The transition to a mass rent economy and a society where work doesn’t pay is hollowing out consent, especially among a generation whose best hope is breaking even and asset inheritance from their more fortunate parents. While the UK has seen strong economic growth in the last several years – it never endured the kinds of unemployment seen across much of the Eurozone – the global financial crisis of 2008 still hit the country hard, leading to falling real pay for the longest period on record and stagnant productivity. That means that the British model of capitalism, which in terms of housing and decent pay for the many has been on a steep decline since the early 2000s, is now playing in extra time. No amount of GDP growth, mostly generated by the City and rentier capitalism, can disguise that. Many were shocked when the Conservatives won a majority in May, something they hadn’t done since 1992 – but that was more from a sense of fear among middle-income earners about things getting worse than a celebration of things having improved.

What has changed with Corbyn, and this magnificent surge of political will within and beyond the Labour left, is that the leader of the Opposition – unlike Ed Miliband – is setting out an alternative, saying it is possible for the UK to move to a high wage, low-rent economy.

The first aspect of that fix will be enabled through a higher national minimum wage – the current one is technically a poverty wage – and more state investment in specific industrial sectors; the second aspect through more social housing and the introduction of rent caps: limits on the amount landlords can legally charge.

Even if Corbyn fails to win the 2020 general election, and the mathematics on him forming a majority government are slim, the continuation of the structural changes in Britain’s economy over the last decade, detailed herein, will likely see these kinds of policy become the ‘centre’ of British politics.

Much of what Corbyn’s team is proposing, particularly his shadow chancellor John McDonnell, isn’t as radical as their critics insist. Indeed the animosity and fear-mongering levelled against them by a hostile media and Conservative government, and indeed the increasingly bizarre right wing of their own party, illustrates just how far right the centre of the political conversation has moved.
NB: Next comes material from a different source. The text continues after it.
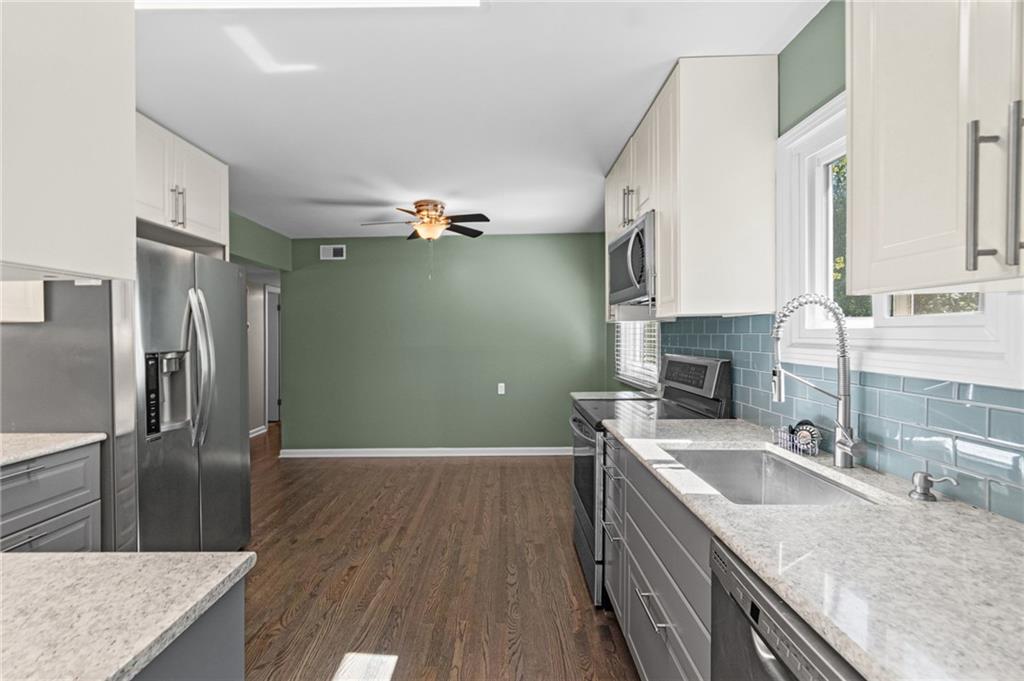 5719 W 81st Street Property Photo 13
One suspects that can’t last forever and that most Brits, particularly the young, will find the alternative to a low-wage, high-rent model all-too-alluring. The British establishment  – by which I mean the media, financial interests and the Conservative Party – would isolate the new Labour leadership at their peril; they came close to losing a nation in last year’s referendum on Scottish independence, now they stand on the brink of losing one of the two historic parties of government.